No caso dos mais pequenos, o cenário é ainda mais preocupante. Como refere Brígida Robalo, que se dedica à endocrinologia pediátrica no Hospital de Santa Maria e no Hospital Lusíadas, em Lisboa, as hipoglicemias podem mesmo originar “alterações ao nível do sistema nervoso central que, no caso das crianças, ainda está em formação”. O resultado é, quase sempre, um estado de desassossego permanente para os pais.

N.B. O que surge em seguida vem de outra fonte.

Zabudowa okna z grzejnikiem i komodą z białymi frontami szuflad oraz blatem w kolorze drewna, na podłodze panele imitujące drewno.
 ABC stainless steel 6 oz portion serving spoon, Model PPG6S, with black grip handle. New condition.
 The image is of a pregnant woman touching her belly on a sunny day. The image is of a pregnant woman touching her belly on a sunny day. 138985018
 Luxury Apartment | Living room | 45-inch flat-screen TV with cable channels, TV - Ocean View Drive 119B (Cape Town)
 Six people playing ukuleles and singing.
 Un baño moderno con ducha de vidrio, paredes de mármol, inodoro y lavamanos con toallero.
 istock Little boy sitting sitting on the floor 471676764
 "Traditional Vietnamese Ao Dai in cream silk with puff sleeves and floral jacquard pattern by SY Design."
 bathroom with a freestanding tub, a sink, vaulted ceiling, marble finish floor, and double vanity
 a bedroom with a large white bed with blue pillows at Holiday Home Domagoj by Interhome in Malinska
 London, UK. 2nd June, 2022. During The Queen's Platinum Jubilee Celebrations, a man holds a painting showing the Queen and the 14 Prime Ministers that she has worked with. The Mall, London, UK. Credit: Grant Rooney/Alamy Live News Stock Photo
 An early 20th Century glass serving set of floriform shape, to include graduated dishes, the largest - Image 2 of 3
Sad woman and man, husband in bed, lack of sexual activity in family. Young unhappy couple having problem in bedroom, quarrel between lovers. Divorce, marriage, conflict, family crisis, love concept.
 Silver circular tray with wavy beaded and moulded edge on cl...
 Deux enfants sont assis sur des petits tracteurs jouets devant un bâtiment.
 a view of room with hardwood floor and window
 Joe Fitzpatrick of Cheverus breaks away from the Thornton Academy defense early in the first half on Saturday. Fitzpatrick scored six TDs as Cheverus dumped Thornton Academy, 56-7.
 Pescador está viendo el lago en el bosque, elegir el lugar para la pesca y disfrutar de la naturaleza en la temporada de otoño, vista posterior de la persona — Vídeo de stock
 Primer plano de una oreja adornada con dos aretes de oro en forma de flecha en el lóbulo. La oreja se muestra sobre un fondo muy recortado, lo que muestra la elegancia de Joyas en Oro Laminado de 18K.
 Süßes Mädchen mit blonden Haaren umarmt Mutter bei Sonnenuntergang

Alexandre Silva, de Santarém, é pai de Joana, de dez anos, e aprendeu com ela o significado destas palavras. A filha tinha quatro anos quando lhe começaram a notar algumas diferenças relevantes. Não só começou a comer consideravelmente mais como a beber muito mais água.

Os pais ficaram com a pulga atrás da orelha e, aconselhados por um enfermeiro amigo, optaram por ir fazer o teste. A glicemia de Joana estava de tal forma alta que a máquina “deu erro”. “O limite era 120 e a Joana tinha 750. O pâncreas pura e simplesmente deixou de produzir insulina.” Seguiram-se dez longos dias de internamento hospitalar. Mas o problema estava longe de ficar resolvido por ali.

Rotina desgastante

O que estava para vir era uma longa e desgastante rotina de doses de insulina, “umas seis ou sete vezes ao dia”. Isto ainda antes de surgir a bomba, que de forma automática vai assegurando este processo. Mas é uma ginástica sempre ardilosa, porque dependente de vários fatores. Ainda mais na fase em que Joana está agora, da pré-adolescência. Tanto que, estima Alexandre Silva, a filha se debate com episódios de hipoglicemias noturnas “duas a três vezes por semana”. O estado de preocupação constante é, pois, evidente.

“Durante muito tempo, acordávamos de três em três horas, não sabíamos o que era ter uma noite completa de sono.” Felizmente, dá graças, o sensor veio dar-lhes, a todos, outra qualidade de vida. “Se virmos que o valor está a descer muito, damos-lhe um néctar e a coisa resolve-se.”

Também Brígida Robalo reconhece que estes sistemas de monitorização vieram “melhorar em muito a qualidade de vida dos doentes e da família”. E para que o problema não passe despercebido especifica os sinais de alerta da diabetes a que todos os pais devem estar atentos.

“Habitualmente, as manifestações clínicas são o facto de as crianças terem muita sede (polidipsia), urinarem em maior quantidade (poliúria) e voltarem a fazer xixi na cama e terem muita fome (polifagia), mas, mesmo assim, perderem peso”, realça a pediatra. A diabetes tipo 1 “pode aparecer em qualquer idade mas é a forma mais típica das crianças e jovens, sabendo-se que existe uma predisposição genética”.